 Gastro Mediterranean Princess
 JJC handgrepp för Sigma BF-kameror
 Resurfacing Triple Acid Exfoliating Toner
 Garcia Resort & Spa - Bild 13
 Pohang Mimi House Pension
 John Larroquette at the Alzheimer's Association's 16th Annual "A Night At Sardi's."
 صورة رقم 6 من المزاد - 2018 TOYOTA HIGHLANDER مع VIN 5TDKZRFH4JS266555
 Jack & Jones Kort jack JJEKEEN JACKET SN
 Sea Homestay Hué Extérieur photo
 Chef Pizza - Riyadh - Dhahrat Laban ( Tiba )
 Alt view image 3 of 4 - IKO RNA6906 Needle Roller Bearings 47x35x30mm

────────

#### [What is required]
Within the material above, transcribe exactly the lines that run from the line holding "Garcia Resort & Spa - Bild 13" through the line holding "Jack & Jones Kort jack JJEKEEN JACKET SN".

#### [Solved exercise]
 Garcia Resort & Spa - Bild 13
 Pohang Mimi House Pension
 John Larroquette at the Alzheimer's Association's 16th Annual "A Night At Sardi's."
 صورة رقم 6 من المزاد - 2018 TOYOTA HIGHLANDER مع VIN 5TDKZRFH4JS266555
 Jack & Jones Kort jack JJEKEEN JACKET SN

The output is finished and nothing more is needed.